Although women and minorities continue to make incremental gains in their representation at law firms, there's still plenty of ground to make up.

A new report on diversity in U.S. law firms published Friday by the National Association for Law Placement (NALP) found that despite slight increases in their ranks in 2017, the number of women and African-Americans at the associate level is still below pre-recession figures.

“It's no surprise,” said NALP executive director James Leipold about his organization's findings. “We collect this data every year and it's good news, bad news.”

NALP's figures are based on an analysis of gender and diversity data on more than 112,000 lawyers in 1,064 law offices throughout the country, as well as information on an additional 7,000 summer associates.

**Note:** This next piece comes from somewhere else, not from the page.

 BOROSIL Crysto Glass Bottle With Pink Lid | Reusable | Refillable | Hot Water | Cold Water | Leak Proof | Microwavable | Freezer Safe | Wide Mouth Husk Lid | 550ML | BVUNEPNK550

The good news, said Leipold, is that women and minorities were better represented as a whole among the partnership and associate ranks than in 2016. But the bad news is that over the longer arc, the number of women and minorities in law firms has only incrementally increased, and in some cases, actually decreased from pre-recession numbers, he added.

In 2009, women accounted for 45.99 percent of associates at major law firms in the United States, but in 2017 that number had fallen slightly to 45.48 percent.

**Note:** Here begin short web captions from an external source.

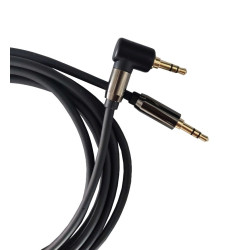 PremiumCord HQ tienený kábel stereo Jack 3.5mm - Jack 3.5mm zahnutý 90° 1,5m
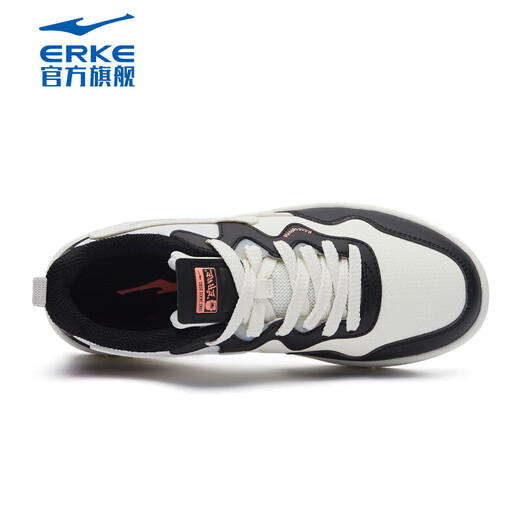 Hongxing Erke Board Schuhe hochtop dicker Sohle lässig Sport kontrastierende Farbe Vielseitiger Trend Frauen Spleiß Skateboard Schuhe Street Fashion Casual Schuhe Gummi -Knospen Weiß/Schwarz 1392 35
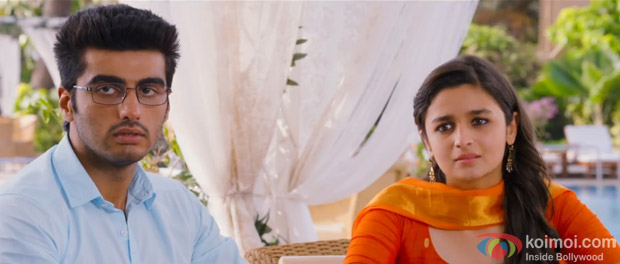 Arjun Kapoor and Alia Bhatt in a still from movie ’2 States’
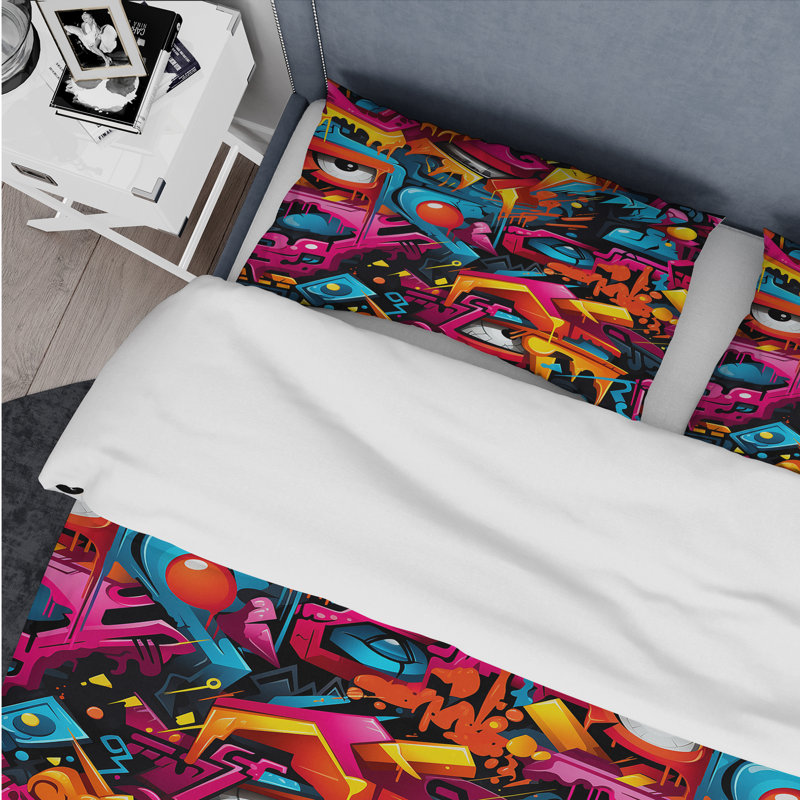 Ensemble de housse de couette Popart Neon Graffiti Fusion V, Housse de couette pour très grand lit et 2 très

Minorities made up 23.32 percent of associates in 2017, but NALP's study found that this figure was bolstered by an increase in Asian associates, who made up 11.4 percent of young lawyers last year. By contrast, African-Americans only accounted for 4.28 percent of associates in 2016, down from 4.66 percent in 2009.

The NALP study found that women comprised 22.7 percent of partners in law firms across the country in 2017, up from 22.13 percent a year ago. Minorities made up 8.42 percent of partners, up from 8.05 percent in 2016.

But like the gains at the associate level, these numbers are primarily attributable to the increase of Asian and Hispanic male partners. The number of African-American partners has barely increased since the recession, according to NALP, with individuals in that cohort making up only 1.83 percent of partners in 2017.

Minority women continued to be the most dramatically underrepresented group at the partnership level, accounting for only 2.9 percent of partners nationwide. But Leipold said that these national aggregate numbers tell only part of the story. Jurisdictions across the country, he noted, have really disparate numbers.

For example, in Miami, minorities made up 33 percent of partners. In Boston, only 5 percent of partners were minorities, according to NALP. In New York City, minorities made up 27 percent of associates, although that number fell to 14 percent in Charlotte, North Carolina. And in Northern Virginia, there were no minority men in the entire summer associate class of 2017.

“The truth is [diversity] is a very hard problem to solve,” said Leipold, who has led NALP for nearly 14 years.

And while law firms have tried to fix the issue, there are still things that need to change in order for the diversity issue to be effectively tackled throughout in Big Law.

“The reality is law firms are still managed and owned by a group of largely white male partners,” Leipold said.

As long as that's the case, Leipold believes that firms will have a hard time creating a culture that's truly inclusive.